Conversely, the lack of associations found for other drug types should also be carefully approached. When paired with our significant findings for prescription opioid use and injection drug use, it seems theoretically plausible that PrEP-eligible women who use nonopioid or noninjection drugs (i.e., PCP, crack cocaine, benzodiazepines, etc.) may be less prioritized for HIV prevention education in intensive drug treatment programs and underestimate their risk for HIV. Previous studies have found that PrEP-eligible women who choose not to initiate PrEP, or discontinue PrEP after initiation, may do so because the woman’s self-perceived HIV risk is incongruent with her actual HIV risk (Namey et al., 2016; Sewell et al., 2020). For example, women who discontinue injection drug use may reduce their HIV risk from intravenous exposure but remain vulnerable to HIV via other perceivably “less risky” routes of drug use and/or high HIV-relevant sexual behavior. All participants in our study were considered high risk for HIV and, therefore, PrEP eligible. If not eligible for PrEP due to injection drug use, women were characterized by HIV-relevant sexual behaviors, apart from their reported drug use. Regardless of the reason for lack in statistical significance when comparing women who reported drug use to those who did not, low overall HIV risk perception and low overall PrEP awareness across our PrEP-eligible sample emphasize the importance of educating women who use nonopioid or noninjection drugs about sexual behaviors associated with HIV infection and the availability of PrEP. HIV prevention education and linkage to PrEP services, when indicated and desired, should actively be incorporated into drug treatment for WWUD and in treatment plans for all PrEP-eligible women irrespective of the type of HIV-relevant behavior (CDC, 2021b; Springer et al., 2015).
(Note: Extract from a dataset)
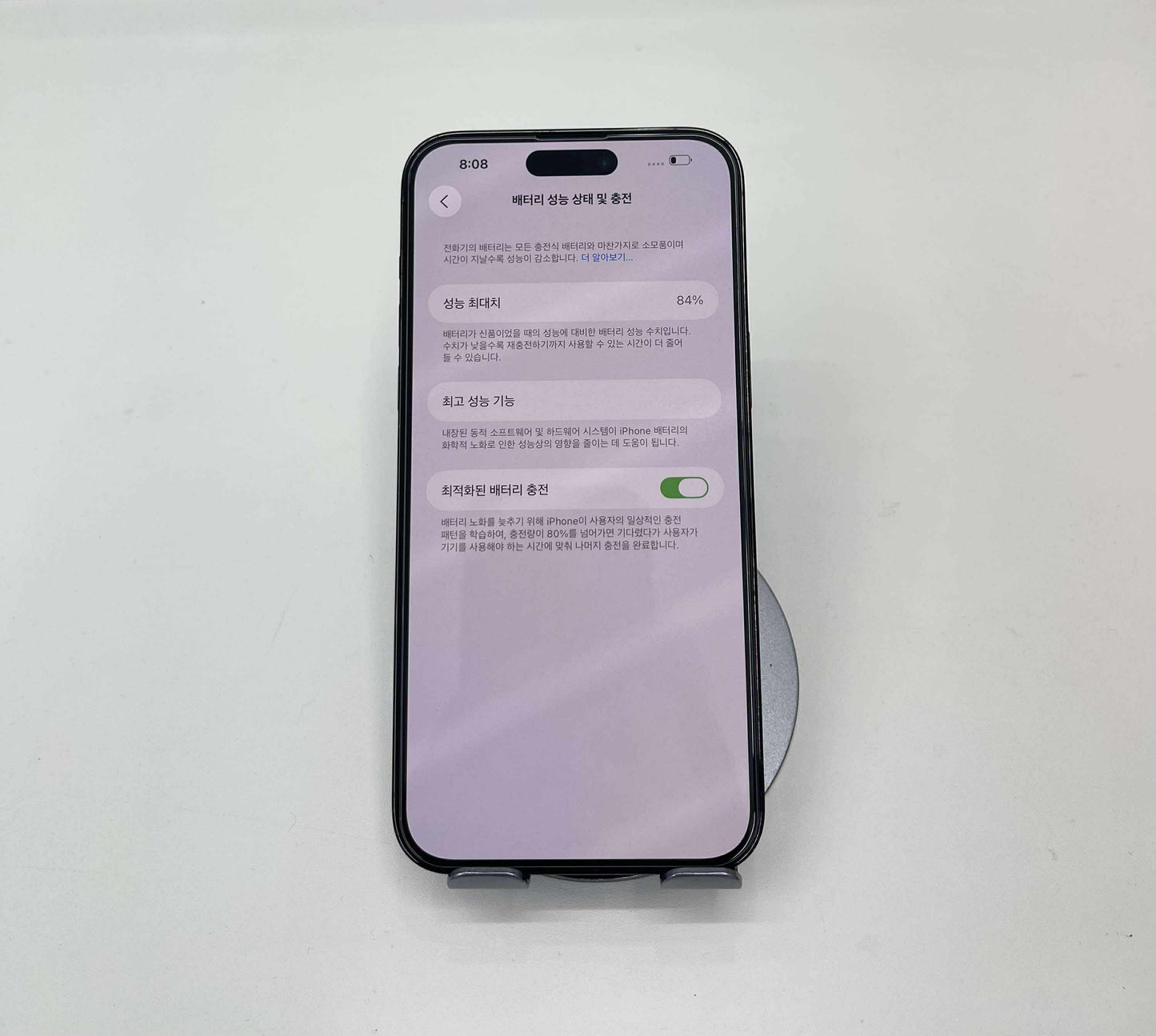 IPhone 14 ProMax 128GB Màu đen - Pin 84% - A- - 39529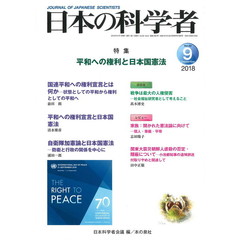 日本の科学者　Ｖｏｌ．５３Ｎｏ．９（２０１８－９）　平和への権利と日本国憲法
5.1. Study strengths and implications
The greatest strength of this study is the differentiation between types of drugs and their associations with three critical precursors of PrEP uptake. Most prior studies among PrEP for WWUD have focused on substance use broadly, sometimes exclusively sampling injection drug users (Walters et al., 2017; Zhang et al., 2019) or women with diagnosed substance use disorders (Meyer et al., 2021) to isolate higher HIV-relevant drug use behaviors indicating eligibility for PrEP; none to our knowledge have differentiated among this range of drug types and routes that are associated with increased HIV risk. Recruiting our sample, in part, at residential independent substance use facilities provided access to women recently enrolled in care and in recent recovery—a population not often accessible or included in studies about PrEP for women. Furthermore, we enrolled a high percentage of minority women, specifically Black and Hispanic/Latina women. Most prior studies on PrEP and WWUD have been conducted predominantly among non-Hispanic White women; limited studies exist that explore this phenomenon among ethnic minority women who are disproportionately affected by HIV in the United States (Zhang et al., 2019).
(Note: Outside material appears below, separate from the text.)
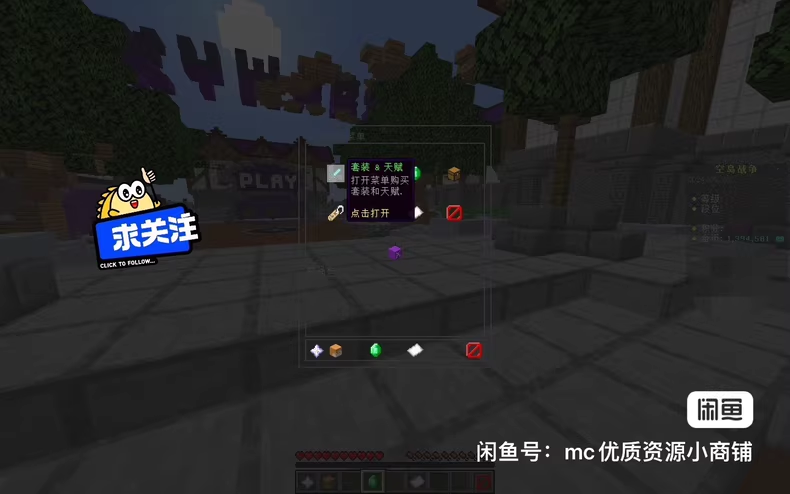 图片[5]-空岛战争服务端-FateTrialの资源库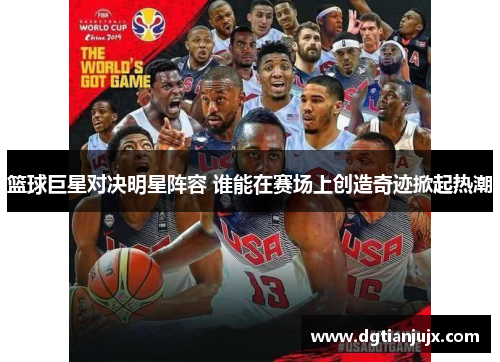 篮球巨星对决明星阵容 谁能在赛场上创造奇迹掀起热潮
5.2. Limitations and need for future research
Although all the study participants were PrEP eligible, which was a strength, it also posed challenges to the interpretability and generalizability of our results. We did not control for HIV-relevant sexual behaviors because the capacity of certain drugs (particularly noninjection drug use) to increase HIV risk is directly connected to HIV-relevant sexual behaviors. Because our entire sample were PrEP-eligible women, these HIV-relevant sexual behaviors could confound differences when comparing PrEP uptake precursor variables between women who used drugs versus those who did not, which may explain the lack of significant differences on the PrEP variables between these groups in our sample. Future studies with larger sample sizes should utilize moderated regression methods to further explore frequency of drug use and the moderating influence of drug use types on the relationship between sexual risk behaviors and these PrEP uptake precursors.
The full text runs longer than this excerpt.